In 1795, Vieau settled at Jambo Creek in Manitowoc County. While employed by the North West Company, Vieau established a fur trading post in the area that would become Milwaukee in 1795, along with outposts at Kewaunee, Manitowoc, and Sheboygan. His Milwaukee cabin was built on top of a bluff overlooking the Menomonee Valley and became his winter residence away from Green Bay.
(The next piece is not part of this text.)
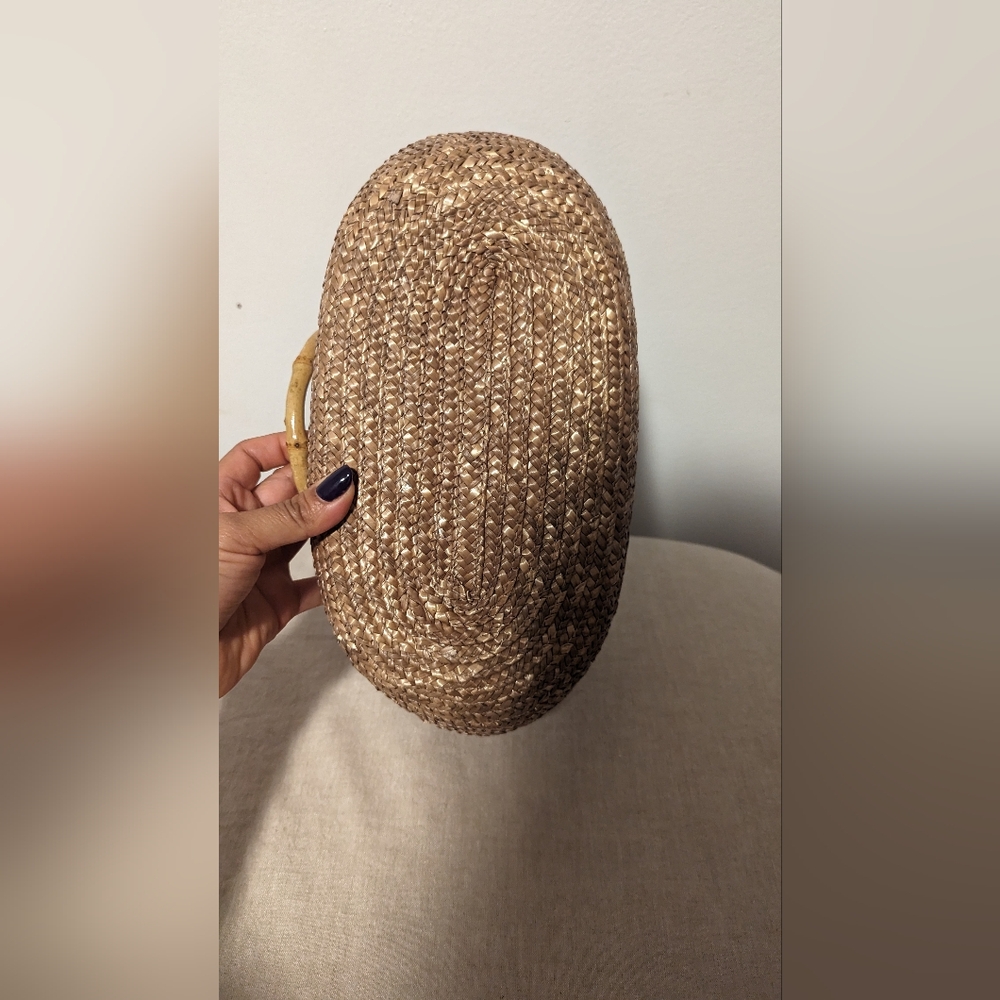 Vintage Straw Small Hand Bag - Picture 4 of 6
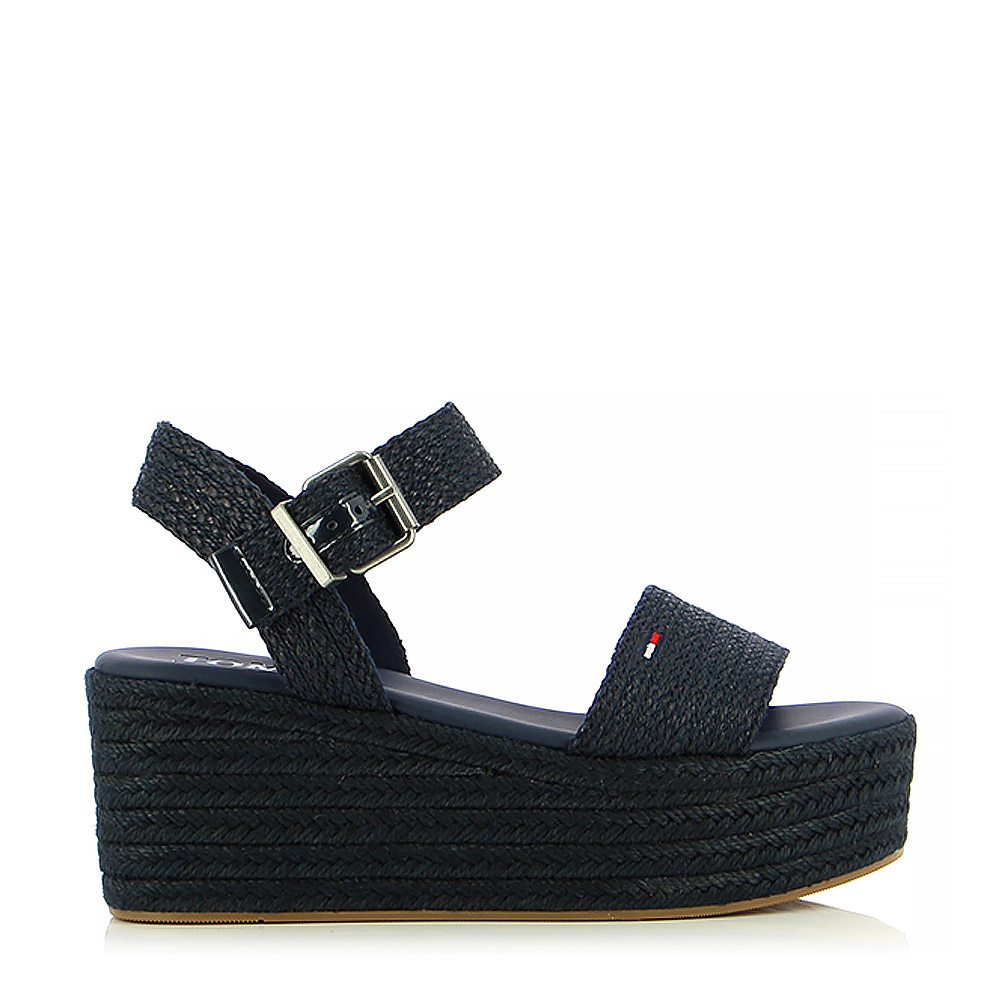 TOMMY HILFIGER – Πλατφόρμες MONOCHROME FLATFORM SANDAL ΓΥΝ. ΥΠΟΔΗΜΑ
A historical monument marks this location in Mitchell Park as the first house in Milwaukee.

In 1818, Vieau hired another French-Canadian named Solomon Juneau, who later married his daughter Josette and went on to found what was to become the City of Milwaukee.

In 2016, a tombstone for his grave was placed.

Legacy
The town of Louisville, Kansas is named after Vieau's son, Louis Amable Vieau, Sr.

Vieau is the eponym of Vieau Elementary School and also a street found in Milwaukee, Wisconsin.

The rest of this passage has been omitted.